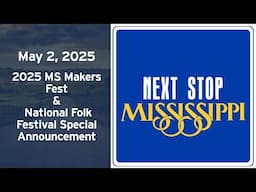 Next Stop, Mississippi | MS Makers Fest & National Folk Festival Special Announcement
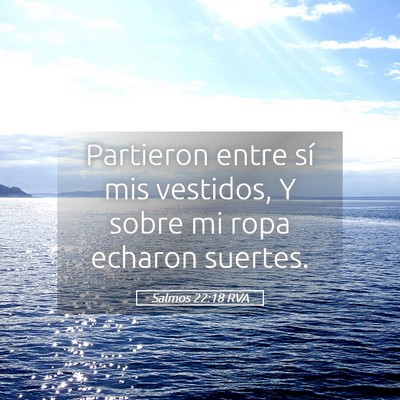 Picture 05 - Salmos 22:18 RVA - Partieron entre sí mis vestidos, Y sobre mi ropa - Bible Verse Picture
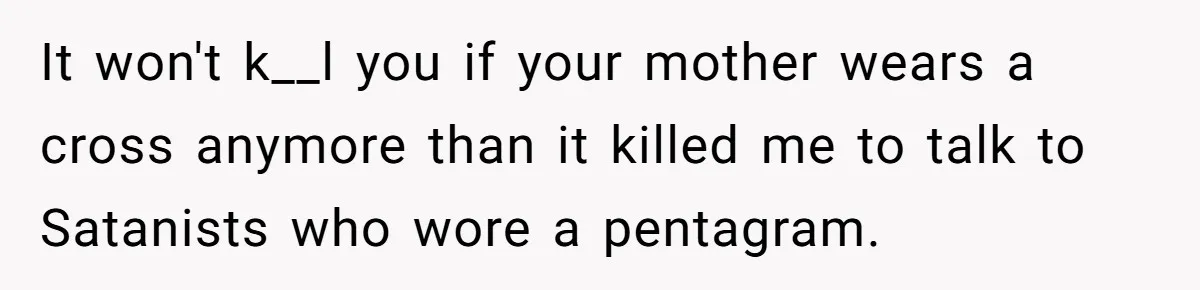 It won't k__l you if your mother wears a cross anymore than it killed me to talk to Satanists who wore a pentagram.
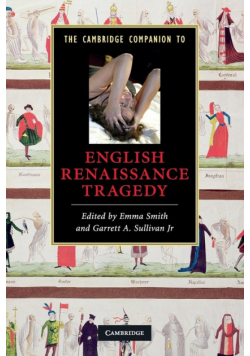 The Cambridge Companion to English Renaissance Tragedy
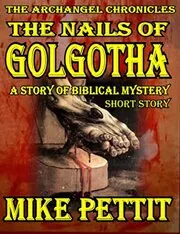 Book cover for "The Nails of Golgotha" by Mike Pettit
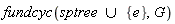 fundcyc(`union`(sptree, {e}), G)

:: Problem to work on ::
Write out all of the data above exactly, without any of its pictures.

:: Problem solution ::
 Next Stop, Mississippi | MS Makers Fest & National Folk Festival Special Announcement
 Picture 05 - Salmos 22:18 RVA - Partieron entre sí mis vestidos, Y sobre mi ropa - Bible Verse Picture
 It won't k__l you if your mother wears a cross anymore than it killed me to talk to Satanists who wore a pentagram.
 The Cambridge Companion to English Renaissance Tragedy
 Book cover for "The Nails of Golgotha" by Mike Pettit
 fundcyc(`union`(sptree, {e}), G)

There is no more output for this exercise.